On dit souvent de Stories from the City, Stories from the Sea qu’il a été un immense succès commercial, le plus important à ce jour de PJ Harvey. Pourtant, il n’a ni la beauté aride de Rid of Me, ni la recherche orchestrale de Let England Shake, paru dix ans plus tard. Lorsqu’elle chante, elle semble parfois s’amuser à pasticher Chrissie Hynde et Patti Smith, période Easter – même si le morceau « Horses in my Dreams » est un évident clin d’œil. Sacrilège. Mais ça fonctionne, l’âpreté de ses récits amoureux ayant déjà atteint son paroxysme sur Is This Desire?, et sera plus tard cathartique avec le dépouillé White Chalk (2007), composé à la cithare et au piano.

Cette femme sous influence ne ressemble pas à la Polly Jean qu’on connaît, qui œuvre pour être la seule et l’unique, s’entourant d’une armada d’instrumentistes majoritairement masculins qui lui obéit au doigt et à l’œil. Elle a toujours fait ce qu’elle voulait, raconter ses histoires – et non pas des histoires, la singularité se devant d’être déconcertante. Et ce qu’elle voulait ici, c’était un disque témoignant des mois passés à New York à ressasser des déceptions sentimentales, le triste appât du sexe et la puissance du bonheur lorsqu’il veut bien l’effleurer. Ce qui fait de Stories from the City, Stories from the Sea son album le plus solaire, contrariant les puristes, séduisant les néophytes et déroutant les critiques. Or, « Big Fortune », « A Place Called Home », « You Said Something » et « This is Love » justifient à eux seuls le nombre d’exemplaires vendus. « This is Love » vaut aussi pour sa vidéo, réalisée par une autre femme de tête, Sophie Muller, à une époque où les metteuses en scène de clips se comptent sur les doigts d’une main. Vêtue comme Elvis d’un smoking de satin blanc frangé à pattes d’eph, sans rien en dessous de la veste, les boots mi-country, mi-Vegas et la moue feignant le mépris des crooners don juanesques sous Prozac, Polly Jean fouette sa guitare. Et nous demande ce qu’est l’amour avec une ironie, elle, non feinte : « I can’t believe that life’s so complex / When I just want to sit here and watch you undress. »

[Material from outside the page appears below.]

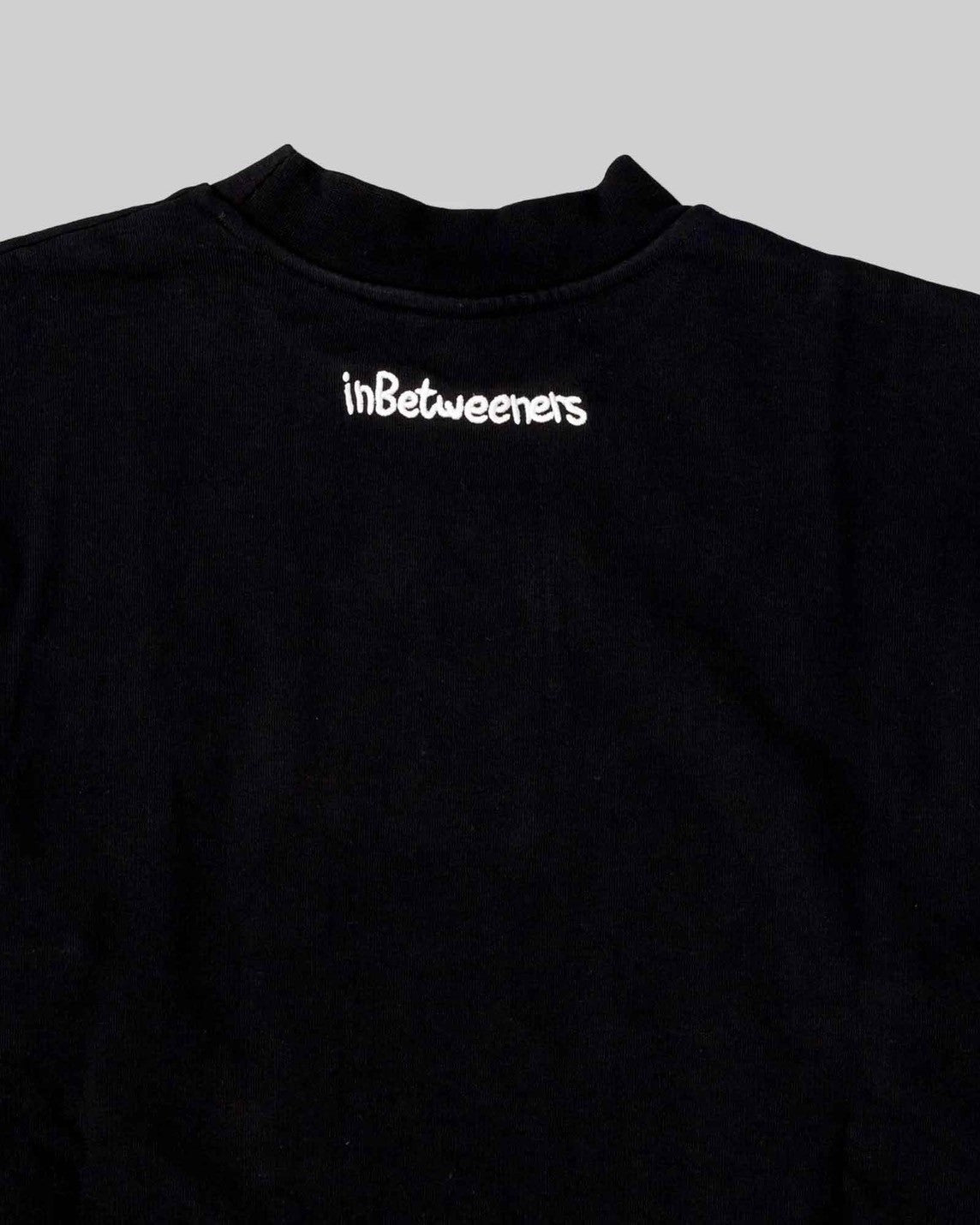 InBetweeners・インビトゥウィーナーズ - スウェット SEATSHIRT UNISEX / BLACK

D’ailleurs, c’est quoi l’amour ? PJ nous donne l’impression de beaucoup en parler sans jamais le connaître réellement, et de le déplorer tant elle paraît distante, cérébrale en tout point. Sa passion première est à trouver du côté des geekeries de studio, des micros, des instruments – le saxophone est le premier qu’elle a maîtrisé – des consoles, des mix par centaines… L’amour de l’Autre (être humain) ne serait-il pas rien d’autre qu’une parfaite source d’inspiration pour ses chansons ? Ceux qui pensaient que PJ Harvey était obsédée par le sexe avaient tort. Elle a toujours été titillée par la (petite) mort, qui peut survenir d’un instant à l’autre alors qu’elle n’a pas encore tout accompli. Afin de conjurer une bataille intérieure entre urgence vitale et nihilisme nonchalant, aucun de ses albums ne choisit entre l’austérité et la flamboyance. Et raconte sa propre histoire : le désœuvrement amoureux, l’euphorie sensuelle, la rupture éprouvante, le choix de l’indépendance.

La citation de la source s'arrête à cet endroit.